== AVAILABLE RECORDS ==
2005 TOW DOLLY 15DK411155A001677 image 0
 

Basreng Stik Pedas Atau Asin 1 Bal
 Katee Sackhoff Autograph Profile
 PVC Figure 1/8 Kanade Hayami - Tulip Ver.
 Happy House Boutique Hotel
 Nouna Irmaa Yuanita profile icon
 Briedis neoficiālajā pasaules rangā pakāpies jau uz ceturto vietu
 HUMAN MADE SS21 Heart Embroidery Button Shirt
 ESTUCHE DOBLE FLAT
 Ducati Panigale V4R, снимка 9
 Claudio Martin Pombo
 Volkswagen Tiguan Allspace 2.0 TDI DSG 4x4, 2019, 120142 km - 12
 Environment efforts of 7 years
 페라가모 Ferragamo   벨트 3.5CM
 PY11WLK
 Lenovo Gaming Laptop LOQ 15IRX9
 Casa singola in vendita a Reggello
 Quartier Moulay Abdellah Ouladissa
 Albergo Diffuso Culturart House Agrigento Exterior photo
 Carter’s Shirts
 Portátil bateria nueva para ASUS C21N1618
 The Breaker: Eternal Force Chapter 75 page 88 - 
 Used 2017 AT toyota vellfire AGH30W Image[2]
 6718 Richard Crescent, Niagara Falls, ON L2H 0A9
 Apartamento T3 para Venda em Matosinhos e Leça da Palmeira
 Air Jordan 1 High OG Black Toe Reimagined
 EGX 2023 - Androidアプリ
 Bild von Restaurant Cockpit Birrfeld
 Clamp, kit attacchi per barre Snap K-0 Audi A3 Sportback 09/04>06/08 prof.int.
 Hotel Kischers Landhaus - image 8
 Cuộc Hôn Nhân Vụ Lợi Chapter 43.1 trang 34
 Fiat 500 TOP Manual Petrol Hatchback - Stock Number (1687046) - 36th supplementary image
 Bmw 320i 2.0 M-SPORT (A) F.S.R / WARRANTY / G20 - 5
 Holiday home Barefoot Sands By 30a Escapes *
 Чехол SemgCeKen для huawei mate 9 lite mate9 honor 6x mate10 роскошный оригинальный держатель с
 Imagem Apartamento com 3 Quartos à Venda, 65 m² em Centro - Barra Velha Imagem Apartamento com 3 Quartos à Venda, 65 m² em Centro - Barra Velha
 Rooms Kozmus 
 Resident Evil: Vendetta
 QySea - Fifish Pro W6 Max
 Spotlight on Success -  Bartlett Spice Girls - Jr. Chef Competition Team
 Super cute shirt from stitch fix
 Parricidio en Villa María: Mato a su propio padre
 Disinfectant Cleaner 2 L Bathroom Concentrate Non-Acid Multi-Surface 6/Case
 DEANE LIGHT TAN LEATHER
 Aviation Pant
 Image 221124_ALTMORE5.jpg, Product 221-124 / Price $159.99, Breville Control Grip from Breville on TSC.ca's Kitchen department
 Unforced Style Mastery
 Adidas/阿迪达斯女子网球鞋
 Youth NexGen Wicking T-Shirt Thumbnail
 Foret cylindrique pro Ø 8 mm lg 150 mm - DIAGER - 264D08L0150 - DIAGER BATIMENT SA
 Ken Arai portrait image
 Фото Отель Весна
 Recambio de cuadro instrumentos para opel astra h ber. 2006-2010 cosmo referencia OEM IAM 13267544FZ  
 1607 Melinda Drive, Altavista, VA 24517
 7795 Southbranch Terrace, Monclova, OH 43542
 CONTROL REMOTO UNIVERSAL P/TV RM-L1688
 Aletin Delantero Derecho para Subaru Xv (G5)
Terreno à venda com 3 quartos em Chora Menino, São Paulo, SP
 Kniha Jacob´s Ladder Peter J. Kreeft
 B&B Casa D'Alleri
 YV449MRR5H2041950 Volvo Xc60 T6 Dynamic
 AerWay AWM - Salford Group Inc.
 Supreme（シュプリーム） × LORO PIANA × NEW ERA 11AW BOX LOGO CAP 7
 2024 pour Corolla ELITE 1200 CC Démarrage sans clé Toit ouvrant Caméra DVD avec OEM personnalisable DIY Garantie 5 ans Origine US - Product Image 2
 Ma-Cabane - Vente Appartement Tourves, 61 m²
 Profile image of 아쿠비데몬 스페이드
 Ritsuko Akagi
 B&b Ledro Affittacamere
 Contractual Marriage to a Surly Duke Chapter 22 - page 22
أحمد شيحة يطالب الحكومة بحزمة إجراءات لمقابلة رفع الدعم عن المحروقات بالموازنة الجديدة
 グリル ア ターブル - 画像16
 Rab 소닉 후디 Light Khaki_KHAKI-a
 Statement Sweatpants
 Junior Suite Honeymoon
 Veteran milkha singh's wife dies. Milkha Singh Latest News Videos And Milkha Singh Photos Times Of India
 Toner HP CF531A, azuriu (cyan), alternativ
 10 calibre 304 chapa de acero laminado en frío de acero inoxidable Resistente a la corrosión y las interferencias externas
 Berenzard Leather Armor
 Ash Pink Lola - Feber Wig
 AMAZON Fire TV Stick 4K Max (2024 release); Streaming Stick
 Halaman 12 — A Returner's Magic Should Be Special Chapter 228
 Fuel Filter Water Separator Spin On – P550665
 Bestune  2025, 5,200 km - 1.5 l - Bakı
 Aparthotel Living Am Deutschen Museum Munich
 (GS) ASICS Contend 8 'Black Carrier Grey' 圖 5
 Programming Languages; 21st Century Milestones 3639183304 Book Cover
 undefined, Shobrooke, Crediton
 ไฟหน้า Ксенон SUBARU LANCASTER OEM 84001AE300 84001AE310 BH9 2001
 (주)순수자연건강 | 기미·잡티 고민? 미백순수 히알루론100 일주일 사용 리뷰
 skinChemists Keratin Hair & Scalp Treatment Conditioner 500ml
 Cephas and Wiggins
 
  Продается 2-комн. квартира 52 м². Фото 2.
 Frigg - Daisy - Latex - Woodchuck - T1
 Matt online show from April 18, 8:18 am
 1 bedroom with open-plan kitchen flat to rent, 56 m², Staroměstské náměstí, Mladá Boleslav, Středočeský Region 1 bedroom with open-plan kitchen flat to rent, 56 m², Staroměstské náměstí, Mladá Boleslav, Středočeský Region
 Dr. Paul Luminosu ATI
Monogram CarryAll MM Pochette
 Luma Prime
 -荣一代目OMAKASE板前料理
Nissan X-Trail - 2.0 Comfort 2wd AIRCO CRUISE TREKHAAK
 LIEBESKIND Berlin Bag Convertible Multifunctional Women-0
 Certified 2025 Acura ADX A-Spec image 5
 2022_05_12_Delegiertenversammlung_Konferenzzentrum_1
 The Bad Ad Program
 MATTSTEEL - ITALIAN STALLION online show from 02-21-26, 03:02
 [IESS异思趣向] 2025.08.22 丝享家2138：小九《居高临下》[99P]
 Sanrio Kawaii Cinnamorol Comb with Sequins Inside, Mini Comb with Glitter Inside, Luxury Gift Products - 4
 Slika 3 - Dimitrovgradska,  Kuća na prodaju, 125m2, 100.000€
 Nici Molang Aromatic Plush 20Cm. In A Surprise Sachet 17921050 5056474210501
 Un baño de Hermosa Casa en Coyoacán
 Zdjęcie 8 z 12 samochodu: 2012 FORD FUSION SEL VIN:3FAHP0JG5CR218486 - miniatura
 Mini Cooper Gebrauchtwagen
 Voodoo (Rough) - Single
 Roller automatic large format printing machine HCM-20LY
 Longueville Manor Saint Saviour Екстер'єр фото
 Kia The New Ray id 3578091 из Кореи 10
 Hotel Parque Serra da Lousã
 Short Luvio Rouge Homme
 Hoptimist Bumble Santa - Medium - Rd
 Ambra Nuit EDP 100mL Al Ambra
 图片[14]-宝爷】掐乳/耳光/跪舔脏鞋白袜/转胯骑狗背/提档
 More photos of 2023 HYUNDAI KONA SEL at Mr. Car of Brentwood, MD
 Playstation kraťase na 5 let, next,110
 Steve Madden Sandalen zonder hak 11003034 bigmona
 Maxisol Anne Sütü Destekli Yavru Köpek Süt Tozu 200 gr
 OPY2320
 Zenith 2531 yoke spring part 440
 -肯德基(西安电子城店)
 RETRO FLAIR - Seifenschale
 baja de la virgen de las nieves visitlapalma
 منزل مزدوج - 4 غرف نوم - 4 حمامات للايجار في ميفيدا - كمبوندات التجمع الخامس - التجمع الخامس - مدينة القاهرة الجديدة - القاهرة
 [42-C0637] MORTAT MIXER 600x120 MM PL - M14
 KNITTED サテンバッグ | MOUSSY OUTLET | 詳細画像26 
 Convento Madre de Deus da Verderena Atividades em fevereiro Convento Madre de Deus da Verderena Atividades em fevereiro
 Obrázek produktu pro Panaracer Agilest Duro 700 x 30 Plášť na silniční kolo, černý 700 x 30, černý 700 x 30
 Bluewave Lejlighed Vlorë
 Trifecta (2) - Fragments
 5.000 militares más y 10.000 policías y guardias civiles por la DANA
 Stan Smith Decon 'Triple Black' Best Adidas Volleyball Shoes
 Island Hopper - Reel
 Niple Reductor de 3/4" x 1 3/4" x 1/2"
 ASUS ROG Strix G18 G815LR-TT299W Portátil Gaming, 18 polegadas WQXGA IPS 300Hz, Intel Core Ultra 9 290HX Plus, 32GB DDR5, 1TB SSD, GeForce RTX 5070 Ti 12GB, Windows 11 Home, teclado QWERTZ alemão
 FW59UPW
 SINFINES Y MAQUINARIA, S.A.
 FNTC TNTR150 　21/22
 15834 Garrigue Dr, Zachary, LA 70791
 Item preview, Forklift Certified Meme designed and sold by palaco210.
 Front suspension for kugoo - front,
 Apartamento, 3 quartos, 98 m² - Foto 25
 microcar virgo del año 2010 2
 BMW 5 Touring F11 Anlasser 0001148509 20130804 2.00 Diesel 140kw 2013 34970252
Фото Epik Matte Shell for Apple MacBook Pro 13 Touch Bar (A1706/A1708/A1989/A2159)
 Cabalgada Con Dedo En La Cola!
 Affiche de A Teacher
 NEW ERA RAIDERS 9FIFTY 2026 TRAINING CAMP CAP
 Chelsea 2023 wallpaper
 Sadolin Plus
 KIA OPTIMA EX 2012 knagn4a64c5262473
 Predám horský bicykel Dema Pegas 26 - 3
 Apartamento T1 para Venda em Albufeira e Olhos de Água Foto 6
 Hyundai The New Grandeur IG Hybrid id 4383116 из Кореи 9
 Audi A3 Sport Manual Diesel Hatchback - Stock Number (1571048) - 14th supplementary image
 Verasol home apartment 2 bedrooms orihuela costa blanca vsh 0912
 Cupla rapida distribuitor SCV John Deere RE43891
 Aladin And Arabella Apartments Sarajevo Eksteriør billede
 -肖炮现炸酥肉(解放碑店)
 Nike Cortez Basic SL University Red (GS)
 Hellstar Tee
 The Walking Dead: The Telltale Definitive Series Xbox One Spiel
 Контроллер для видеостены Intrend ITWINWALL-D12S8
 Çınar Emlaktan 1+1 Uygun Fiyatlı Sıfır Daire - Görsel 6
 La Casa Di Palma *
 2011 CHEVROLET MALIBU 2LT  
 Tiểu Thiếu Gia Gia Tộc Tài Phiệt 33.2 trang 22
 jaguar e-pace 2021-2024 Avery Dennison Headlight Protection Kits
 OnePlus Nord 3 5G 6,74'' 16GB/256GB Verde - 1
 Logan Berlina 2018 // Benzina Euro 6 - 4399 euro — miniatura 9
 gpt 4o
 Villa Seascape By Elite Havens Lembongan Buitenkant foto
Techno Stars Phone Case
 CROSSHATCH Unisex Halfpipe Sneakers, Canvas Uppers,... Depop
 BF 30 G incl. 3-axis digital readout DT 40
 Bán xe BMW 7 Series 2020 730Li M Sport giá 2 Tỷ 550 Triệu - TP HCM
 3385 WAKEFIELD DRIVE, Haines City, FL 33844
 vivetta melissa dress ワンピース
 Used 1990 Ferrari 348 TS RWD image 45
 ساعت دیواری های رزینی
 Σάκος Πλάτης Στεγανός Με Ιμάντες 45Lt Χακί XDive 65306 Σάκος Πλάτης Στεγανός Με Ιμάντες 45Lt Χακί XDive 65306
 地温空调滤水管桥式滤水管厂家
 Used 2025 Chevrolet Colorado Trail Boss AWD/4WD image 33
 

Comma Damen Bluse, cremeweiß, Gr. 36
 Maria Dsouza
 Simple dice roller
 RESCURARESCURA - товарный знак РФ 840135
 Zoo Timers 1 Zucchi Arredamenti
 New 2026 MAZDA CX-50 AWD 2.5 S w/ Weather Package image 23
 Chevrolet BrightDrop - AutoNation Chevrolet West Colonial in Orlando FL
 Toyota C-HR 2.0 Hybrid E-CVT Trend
===
### TASK OBJECTIVE
Among the records above, only the lines between the line holding "Cuộc Hôn Nhân Vụ Lợi Chapter 43.1 trang 34" and the line holding "Holiday home Barefoot Sands By 30a Escapes *", inclusive, are to be output, exactly as written.

### YOUR RESPONSE
 Cuộc Hôn Nhân Vụ Lợi Chapter 43.1 trang 34
 Fiat 500 TOP Manual Petrol Hatchback - Stock Number (1687046) - 36th supplementary image
 Bmw 320i 2.0 M-SPORT (A) F.S.R / WARRANTY / G20 - 5
 Holiday home Barefoot Sands By 30a Escapes *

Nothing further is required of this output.